Roula Khalaf, Editor of the FT, selects her favourite stories in this weekly newsletter.
The writer is a former chair of the US Federal Deposit Insurance Corporation
Much has been written about the US Federal Reserve’s challenge in combating persistent inflation, now running at 7 per cent. But in its role as regulator, the Fed has an even greater challenge: maintaining financial stability as it raises interest rates.
Recall that interest rate hikes helped catalyse the financial crisis of 2008 and 2009. Then, as now, easy money had led to high levels of borrowing and inflated asset valuations — conditions that could no longer be sustained as monetary policy tightened.
Total levels of indebtedness are even higher today, and the 2008 housing bubble arguably pales in comparison with the pervasive “everything bubble” we have now.
While banks are better capitalised than they were prior to the financial crisis, vulnerabilities that have long plagued the system remain. In recent years, regulatory policy — like monetary policy — has become too accommodative. The Fed, working with other regulators, must quickly reverse course.
A good place to start is the stress tests that are used by the Fed to make sure major banks can withstand severely adverse conditions. Over the strong dissents of Fed board governor Lael Brainard, the central bank has repeatedly weakened the tests.
For instance, banks no longer have to prove they can expand their balance sheets to support the economy in times of stress. They no longer have to pass one of the more rigorous tests of capital strength called the enhanced supplementary leverage ratio, or eSLR, that restricts how much they can borrow.
The Fed has also failed to apply stress scenarios where both interest rates and consumer prices are rising in a slowing economy, conditions that exist today and may well worsen. In 2018, it did require banks to stress rising rates along with deep corrections in asset prices. Not surprisingly, those with large trading exposures such as Morgan Stanley and Goldman Sachs were most affected, and struggled to pass the eSLR. The Fed has not stress tested rising rates since 2018.
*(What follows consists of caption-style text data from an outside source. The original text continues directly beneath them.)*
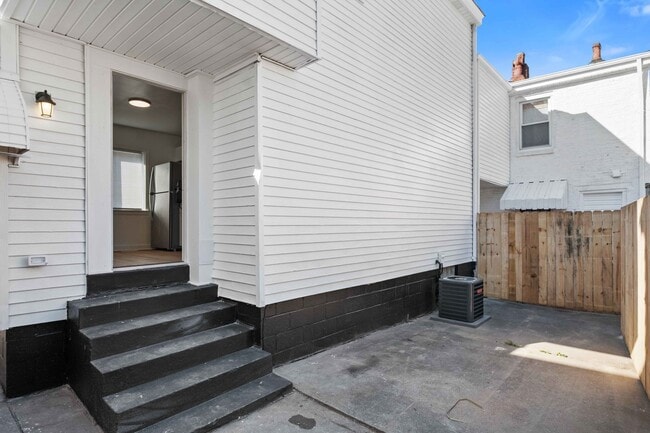 Building Photo - Luxury Rental - Sharpsburg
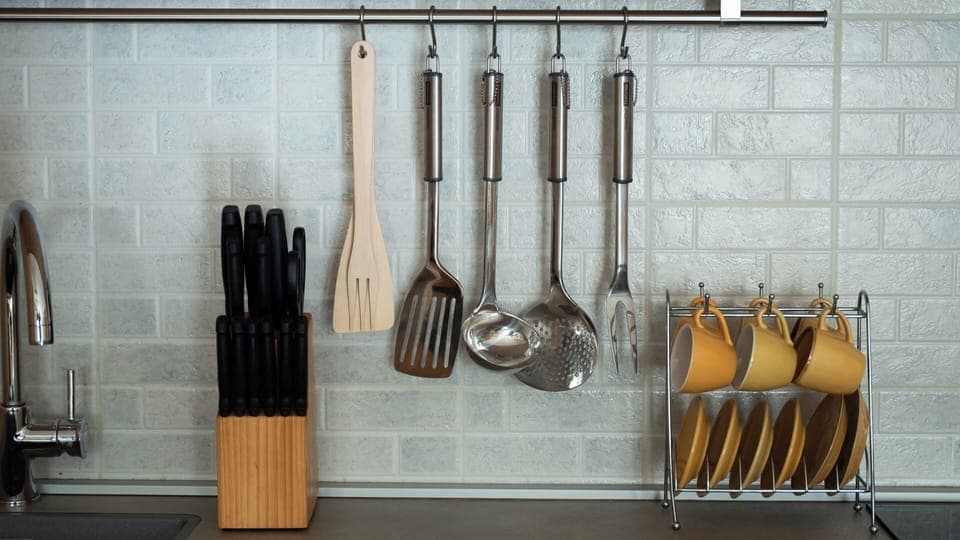 Apartment (1 Bedroom) | Private kitchen | Microwave, oven, electric kettle, highchair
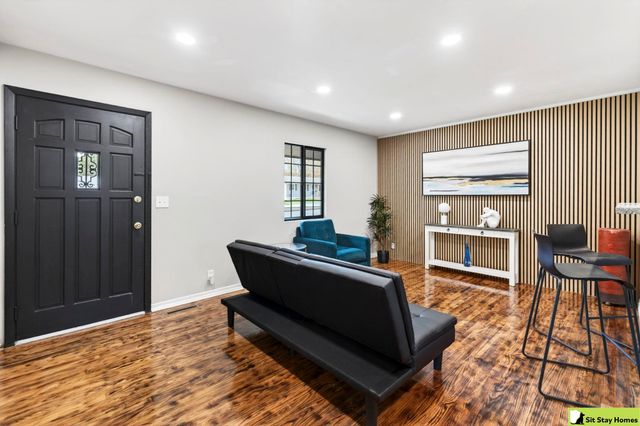 12216 C Street, Omaha, NE 68144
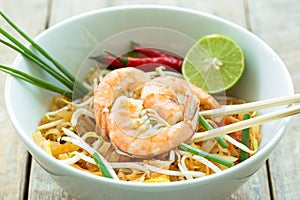 Pad thai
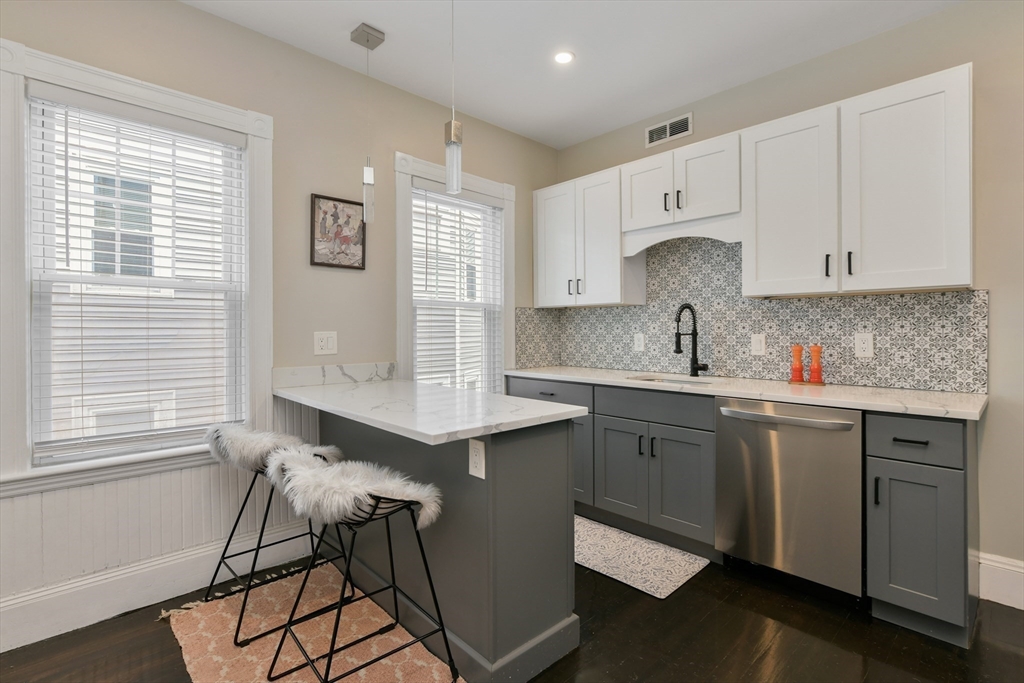 111 Fuller St # 2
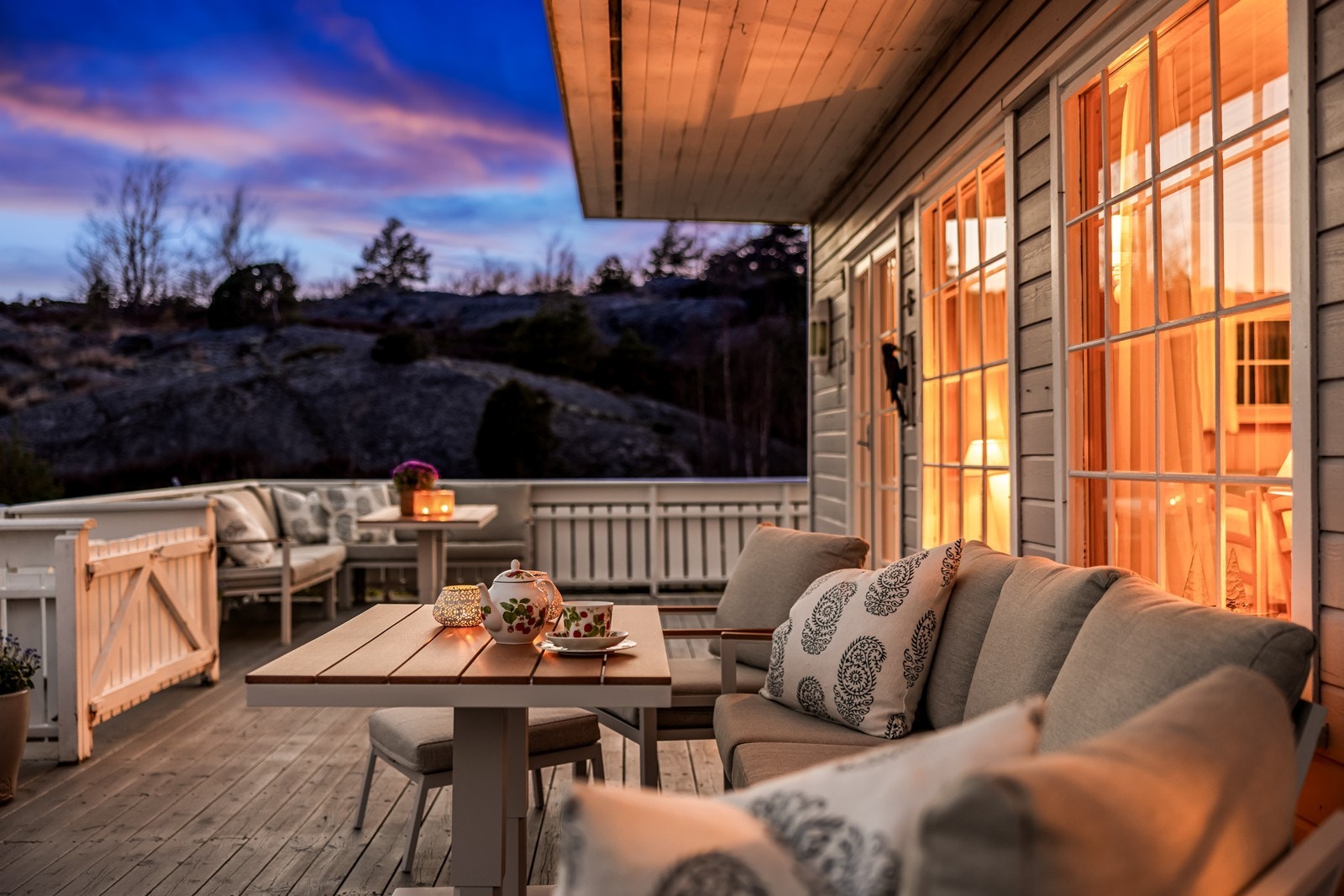 Terrassen er perfekt for å nyte lange, fine sommerkvelder. Galleribilde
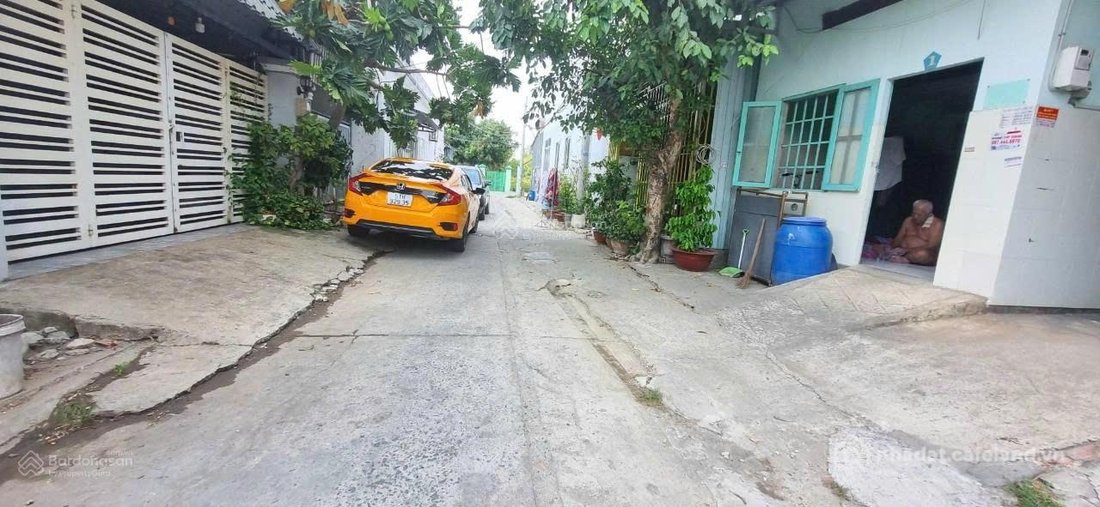 Bán đất thổ cư: Đất thổ cư 5x17m hẻm xe hơi giá chỉ 2,5 tỷ Nhà Bè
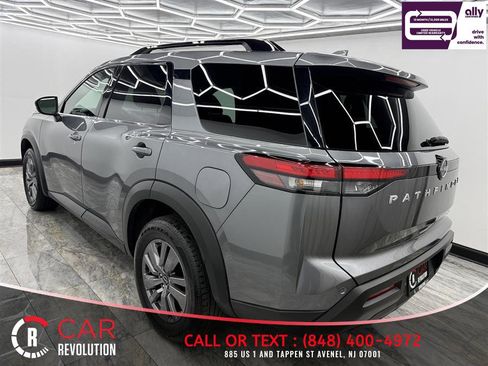 Used 2025 Nissan Pathfinder SV AWD/4WD image 4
This year, the Fed must restore the stress tests to their former rigour, and include scenarios that assume steep increases in interest rates, persistent inflation and major corrections across all markets.
The Fed’s own financial stability reports have recognised that a broad range of asset prices are vulnerable to significant declines. Stress tests should measure how falling prices could expose banks to losses directly and through their customers.
And the Fed should follow the lead of many developed countries and require banks to have a meaningful countercyclical capital buffer so they have excess capital available if the economy falls into trouble. This would help compensate for the many years when the Fed approved shareholder distributions that exceeded banks’ earnings, depleting their capital strength.
Regulators must also collectively finally address longstanding vulnerabilities that extend beyond the banking system. Kudos to Securities and Exchange Commission chair Gary Gensler for recently proposing reforms to address unstable prime money market funds, which had to be bailed out during the financial crisis and again during the pandemic.
Markets in repos — also a problem during the financial crisis — have improved somewhat as these sale and repurchase transactions are now primarily in US Treasuries. But they still malfunction. Common sense solutions such as centralised clearing as well as consistent collateral and capital requirements have been studied ad nauseam. It’s time to act.
Finally, reckless derivatives speculation remains a part of the market landscape. Archegos, a relatively small managed fund, subjected its bankers to more than $10bn in losses with highly leveraged long derivatives positions.
Big banks will argue that they did well during the pandemic so there is no need to toughen their oversight. In truth, they did well because of actions by the Fed and Congress to backstop debt markets, while providing trillions to help households and businesses.
Given sky-high federal deficits and the Fed’s swollen $9tn balance sheet, it will be harder for fiscal and monetary authorities to rescue the financial system again if its gets into trouble. Nor should they. Massive additional stimulus to rescue Wall Street would pour fuel on the flames of inflation, burdening household budgets and eroding real wage gains.
If there is another crisis, we cannot afford to prioritise Wall Street over Main Street, as we did during the financial crisis. This time around, regulators must make sure banks can stand on their own.